October 31, 2011 by in category Archives tagged as , ,
This month brings an interesting mix of calls. First up, is a collection of “indie” authors that are looking to compile some special themed anthologies. The erotic romance publisher Ravenous Romance put out a call for superhero stories, and Entangled Publishing delves into the novella market. As always, this selection represents only a sample of what’s out there. If you come across any that should be shared, please send them to me!

All-For Indies Anthologies
We have planned six anthologies with different themes that are spread throughout the year. A couple of examples might be: Martini Madness/chick-lit and humorous fiction genres, Summer Fling/Romance genre, etc. Each anthology will include a mix of genres and sub-genres centered around a main theme.
Each author is responsible for writing/editing their own work. WE ARE NOT A PUBLISHER! We are not going to read your story for approval. If you are picked, we trust you are a professional.
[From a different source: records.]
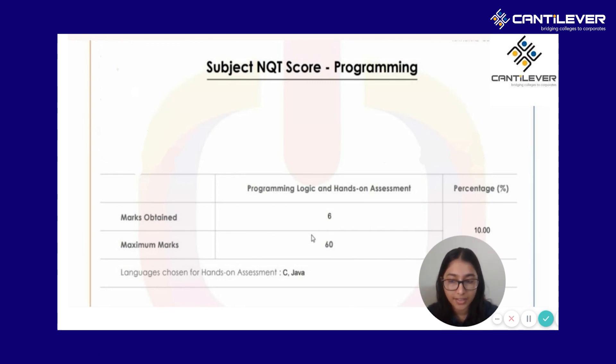In past year trends, we've seen some students receiving an interview call after scoring more than 70 to 75% in programming. It's important to score good marks in both sections — your NQT score and your subject NQT score. We've also seen students scoring really high in the subject NQT, getting roughly 60 to 70% there, but still not getting an interview call because their cognitive part was quite low, below 60%. So your cognitive score should be at least above 65 to 70%, and in your subject NQT you should aim for 15% and above.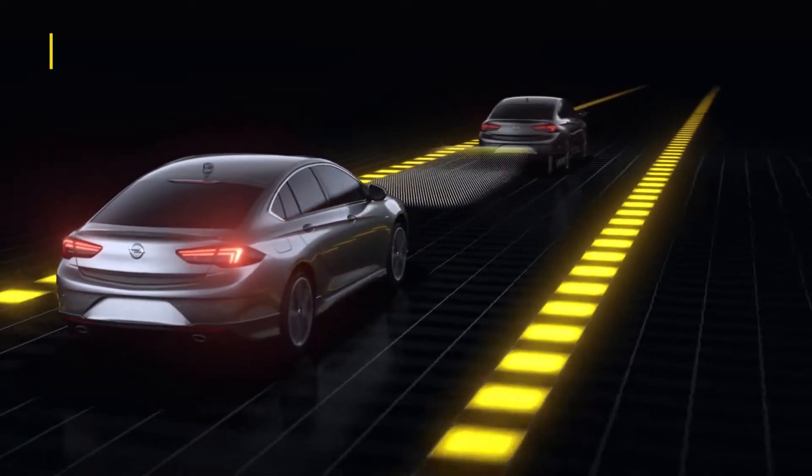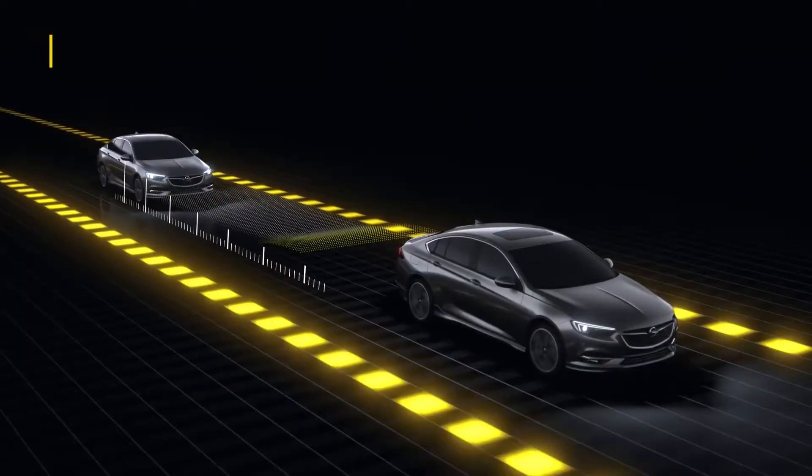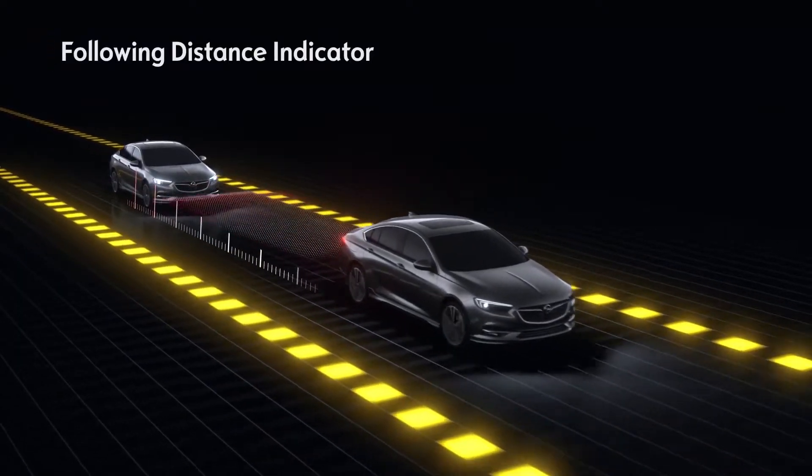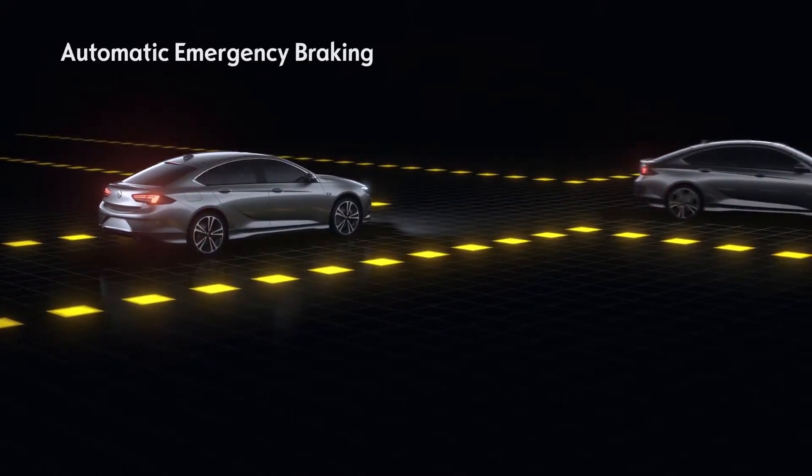The forward collision alert continuously measures speed and distance to vehicles ahead. If the adjusted safety distance becomes too small, a warning icon appears on your display and your car automatically slows down.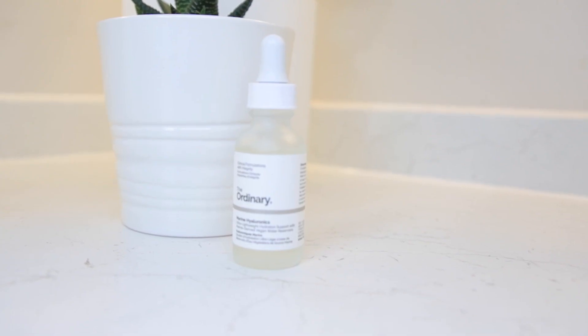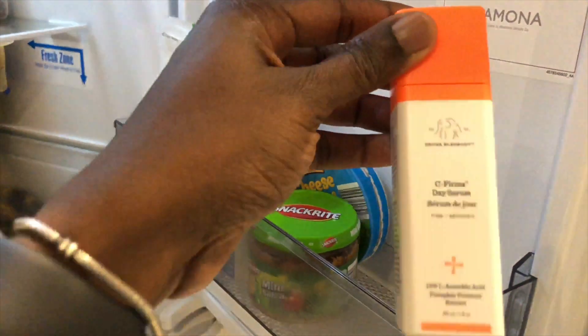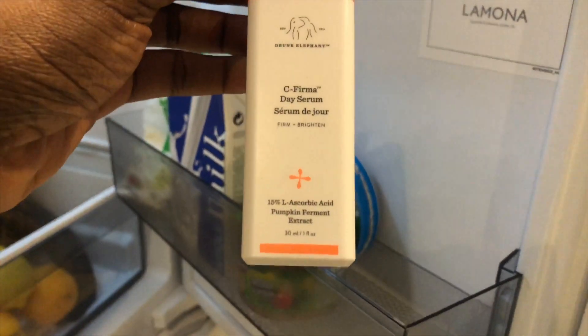Then I tone my face with the same Simple facial toner. Then I apply my hyaluronic acid from The Ordinary, which helps attract moisture to my skin. After letting it sink in for about five minutes, I proceed to apply the Drunk Elephant vitamin C serum. I've done a review on that as well — I'll put the link there. It's supposed to help with pigmentation on the skin.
The first anthology is going to be coming out in January 2012. Winter Wonderland is the theme (not the name), and is going to feature every genre. The deadline is Dec. 10, 2011. The second anthology is coming out in February 2012 in time for Valentine’s Day and will carry that theme. The deadline for manuscripts is Jan. 10, 2012.
Under the Cape
What’s up in the sky, is not a bird or a plane, it is your hero or heroine. Under the Cape – is a super-hero / super-heroine anthology for Ravenous Romance. We are looking for original erotic romances about heroes of your own creation. They should not be modeled after or based on current comic book entities. Fan fiction need not apply.
Think about strong, passionate characters and world building. Who is to say what excitement lingers after the city is saved and villain routed? Do the heroes fly home at super-sonic speeds to their lovers or does the “victor” strike a new costume to wear? What if the hero of the story has had a tryst or more with their foe? And don’t forget about the possibilities of a sidekick.
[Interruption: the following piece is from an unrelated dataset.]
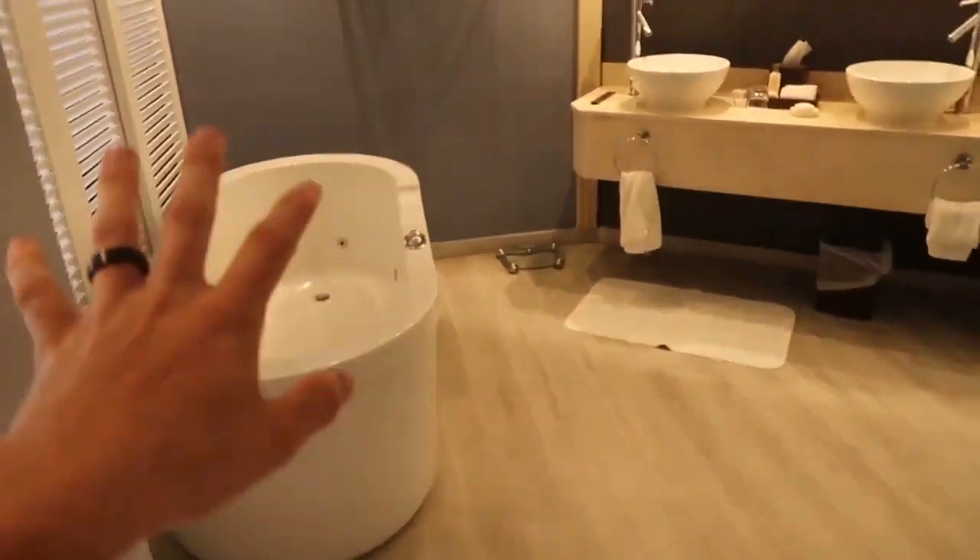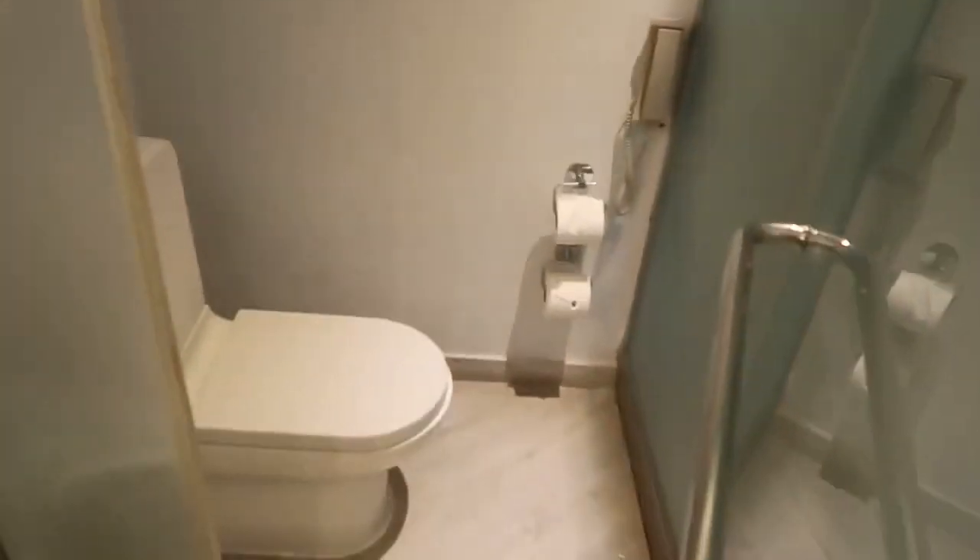I forgot to show you guys the bathroom — we have a tub, two sinks, and a standing shower. And this door opens up pretty decently as well.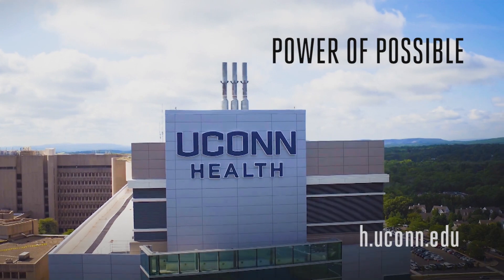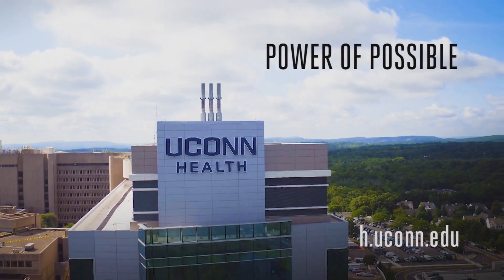Now I can get out and ride the Harley, go dig in the garden, do landscaping and things like that. I'm happy to be back to my normal life with normal hands. Join us next time on Power of Possible, brought to you by UConn Health.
This anthology is for the non-everyday heroes. We’re looking for the kind of heroes who fly, shoot bolts of energy or phase through walls…among other abilities. Of course, that’s not to say your hero or heroine can’t have a hidden identity. A war hero crusading at night to stop an other-worldly nemesis? Maybe a firefighter who controls the flames when no one else is looking? Make the abilities so super, they can only be contained by a skin tight costume and cape flying in the breeze. And make your hero or heroine so sexy they can’t be contained at all.
All stories should be original and unpublished stories. Aside from strong characters, don’t forget to give us a good story and world building. Make your heroes and villains believable and sexy. Ideally we’d like to see stories in the 5K range, but no less than 3K – please query for longer works. We’re looking for 10-12 stories to fill this anthology.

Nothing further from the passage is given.